Vector Inbox: November/December 2014

November 19th, 2014, Published in Articles: Vector

 

In this issue, our readers comment on the article, “Certificates of Compliance: the role of the conveyance attorney” (Vector, October 2014, page 3), relating to the purchase and sale of fixed property.

Re: “Certificates of Compliance: the role of the conveyance attorney”

Dear Editor

As a member of the Johannesburg Chamber of Commerce, I have received a copy of your article on electrical compliance certificates as they relate to the purchase and sale of fixed property.

As a qualified principal operating in real estate for some time, I feel I have the background to comment.

In essence, I concur with the sentiment of the article Vector, October 2014, Page 3 but there are practical elements which make the current legislation unenforceable:

  • The estate agent has little or no influence over the choice of electrical contractor; if the client wishes to hire a “cheapie” off the street, they are free to do so. Therefore, the agent cannot be held responsible for the eventual result.
  • The conveyance has no knowledge of electrics and cannot be expected to act on anything other than the correctly signed yellow piece of paper.
  • The legislation does not provide teeth to enforce the act prior to the sale becoming a fait accompli.
  • By the time the purchaser realises that the electrics are faulty, the transfer is complete, the electrical contractor does not answer his phone and the seller has moved to the coast.
  • The Electrical Contractors Association charges R2000 for an inspection, and will not act against the contractor if the inspection shows deficiencies.
  • The purchaser has just been involved in considerable financial outlay and is usually in no position to retain a litigation attorney.
  • The conveyance hides behind the fact that they are only conveyancers and are patently uninterested in taking the matter further.

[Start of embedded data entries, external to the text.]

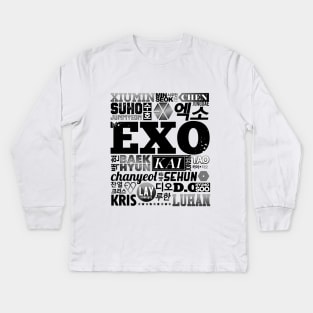 EXO FONT COLLAGE Kids Long Sleeve T-Shirt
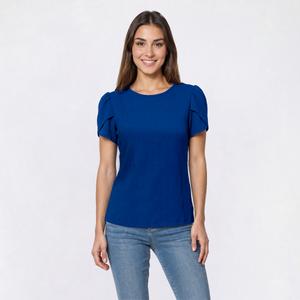 Petite AK Anne Klein Short Tulip Sleeve Textured Blouse
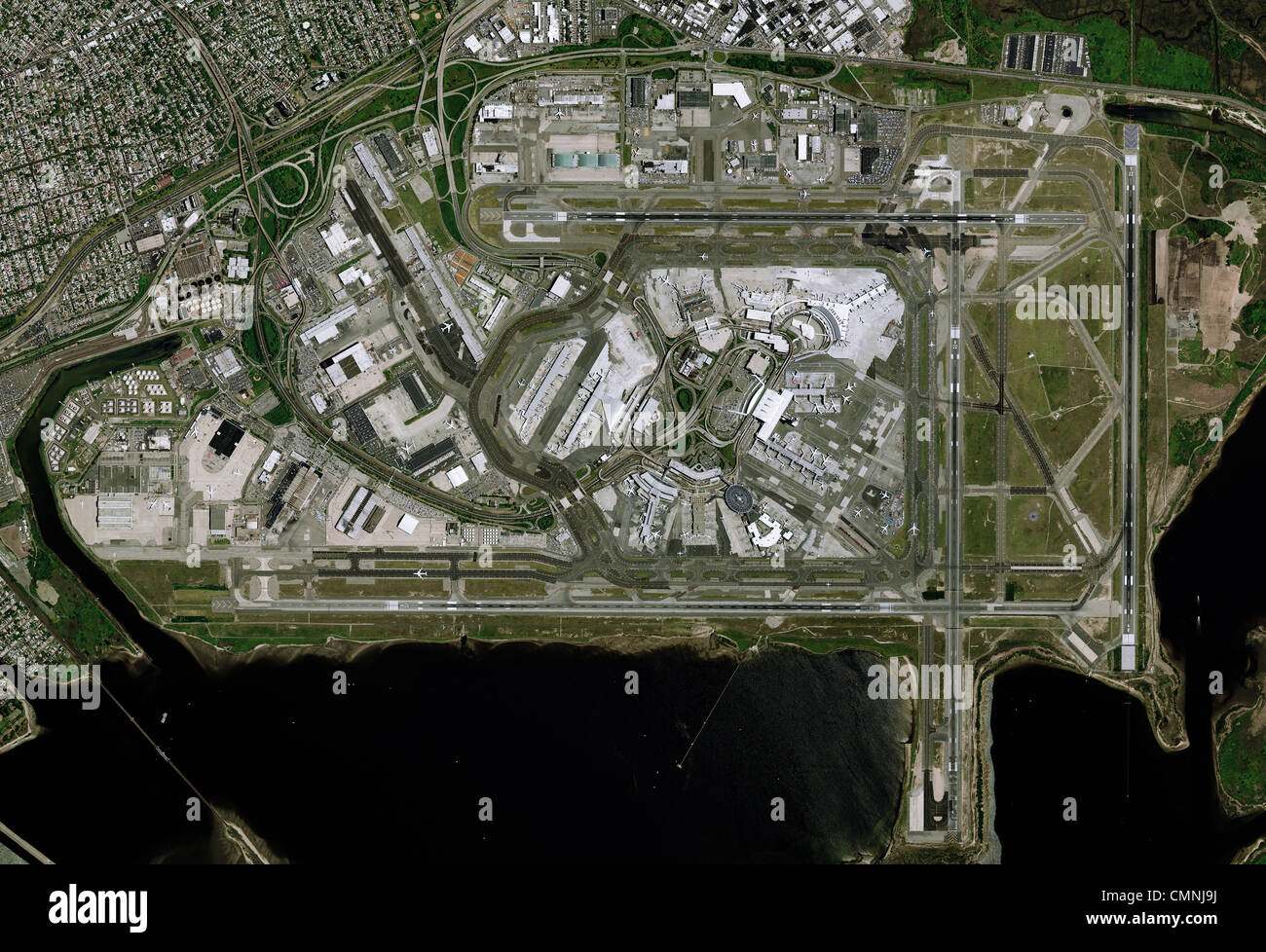 Luftbild-Karte von John F Kennedy International Flughafen Queens New York Stockfoto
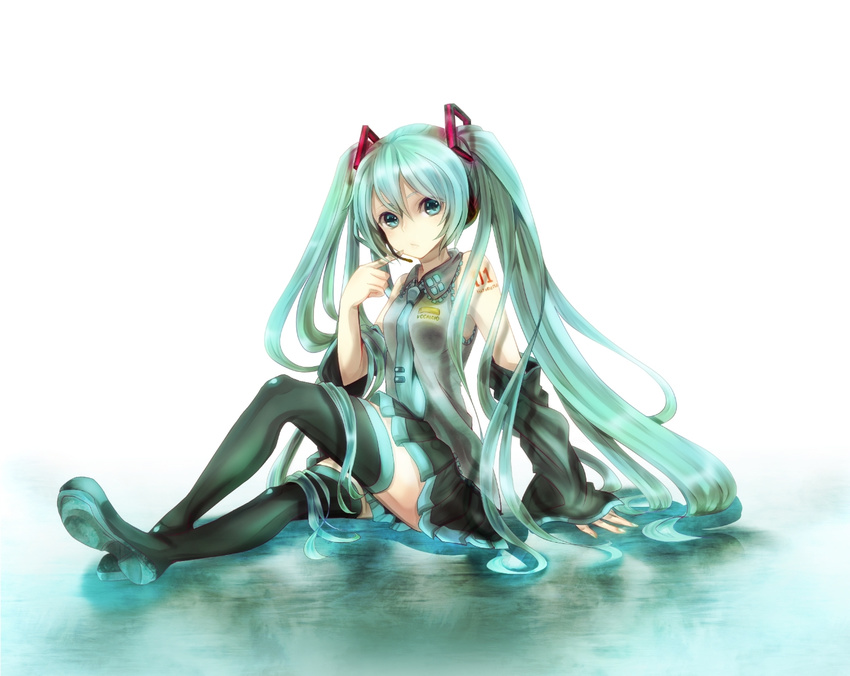 aqua_eyes aqua_hair bad_id bad_pixiv_id boots detached_sleeves finger_to_face hatsune_miku headset long_hair looking_at_viewer necktie sitting skirt solo thigh_boots thighhighs twintails very_long_hair vocaloid yokiri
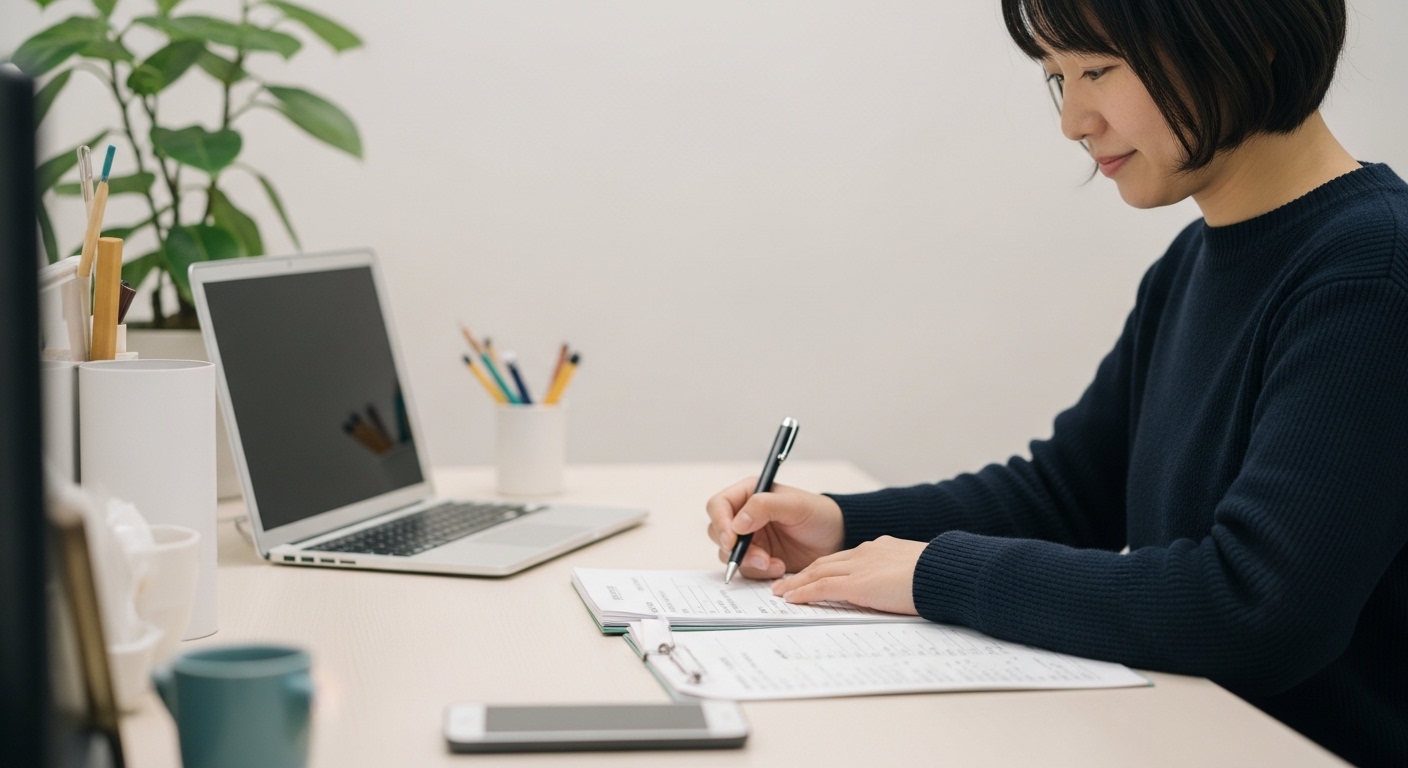 就労移行支援職員の給料を説明する日本人女性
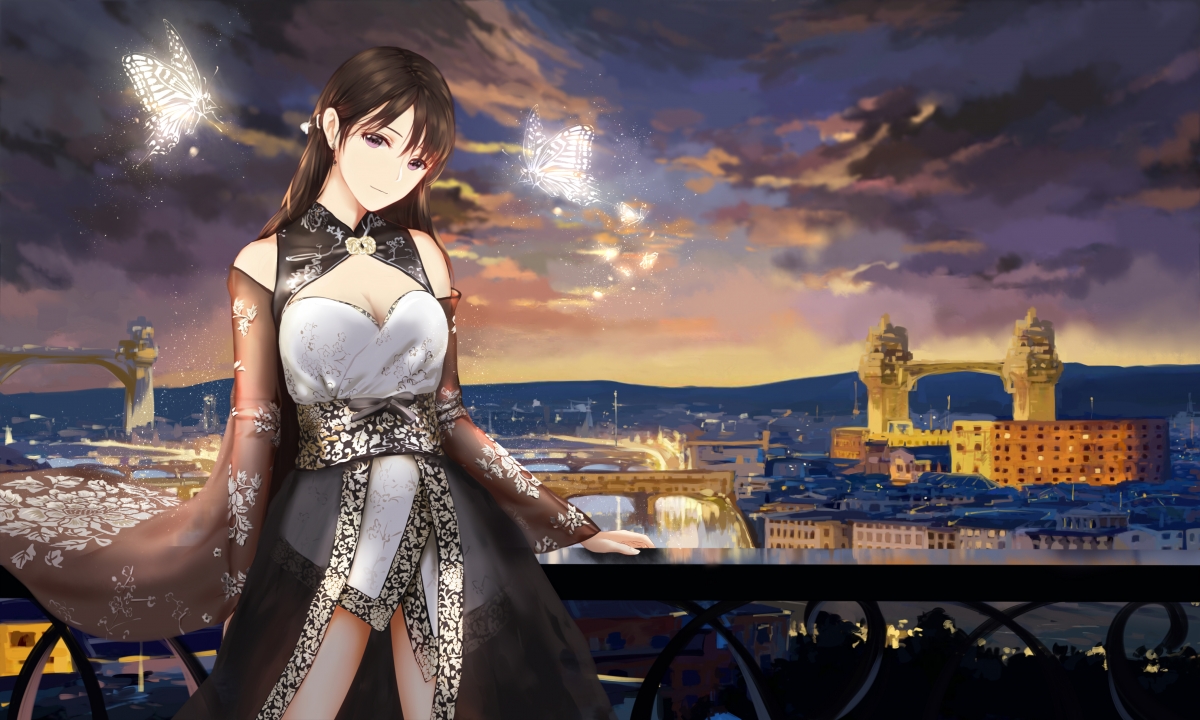 Anime girl butterfly beautiful 4k table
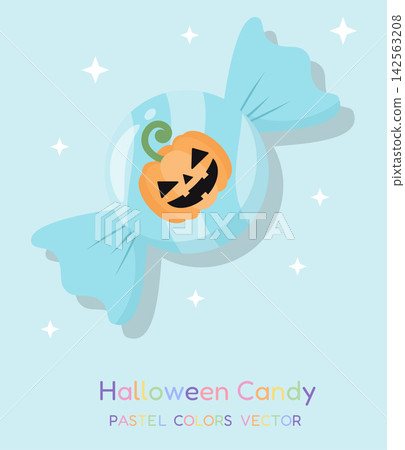 Pastel Aqua Halloween Candy with Jack O Lantern Pumpkin Vector Pastel Aqua Halloween Candy with Jack O Lantern Pumpkin Vector 142563208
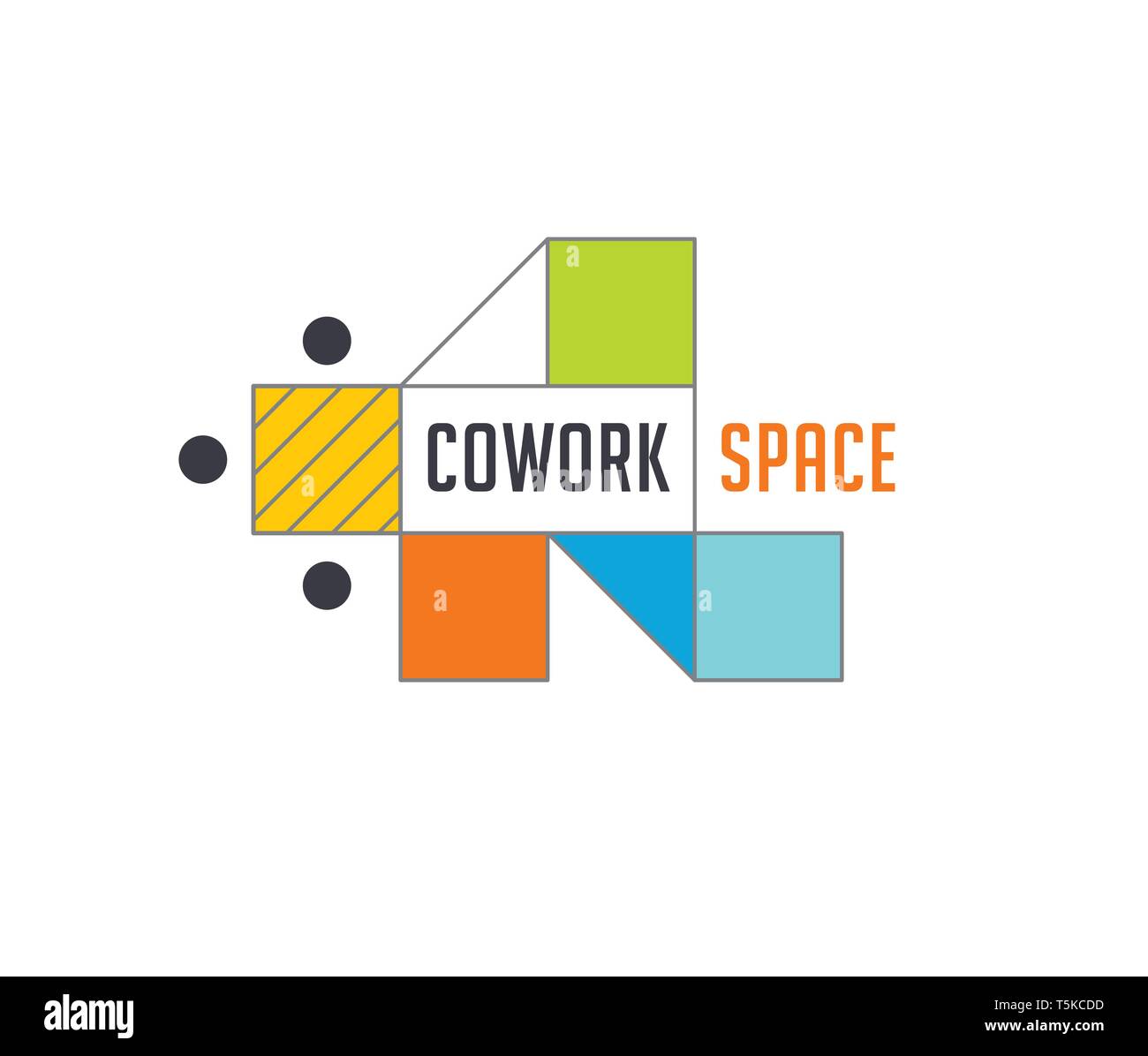 Espace de coworking, logo et l'icône de la zone de réseautage. Conception vectorielle Illustration de Vecteur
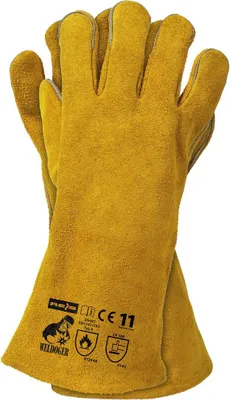 Produktbild von 1 Paar Schweisserhandschuhe aus Rindspaltleder 35 cm lang Leder Honiggelb Gelb Gr. 11 (WELDOGER_11)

Some remedial action that could prevent the problem:

  • Regulation compelling the conveyancer to retain R20 000 from the proceeds of the sale for a period of ten work days during which the purchaser can check the validity of the CoC and then sign a release form for the retention to be passed to the seller. Rectification, if needed, could be paid out of the retention. This will give the purchaser the opportunity to get a second, qualified inspection done if they wish to. This will ensure that only qualified contractors will be used and sellers will be discouraged from asking the contractor to cut corners.
  • The agent could write a clause into the Offer to Purchase, holding the seller responsible for the validity of the CoC, enforced by an instruction to the attorneys to hold a retention concomitant with the size and condition of the property. Again, for a period of ten work days. By signing acceptance of this, the conveyance is empowered to ensure that the certificate is valid.

This would give the conveyancer the teeth to act, and if it comes by way of regulation, it will relieve both the agent and the conveyancer by enforcing an amendment to the clause in all offers with respect to the compliance certificate.
I trust that this gives an angle that could be used to remedy the current situation, which is far from ideal.

Malcolm Clark

Vector-NovDec2014


 

Dear Editor

We conveyance attorneys hear this complaint often. Firstly, the conveyancer is not a party to the sale agreement. Secondly, not being an electrician, the conveyancer is not in a position to determine the validity of a certificate. Thirdly, the conveyancer is not required to lodge the electrical certificate to register the transfer in the deeds office.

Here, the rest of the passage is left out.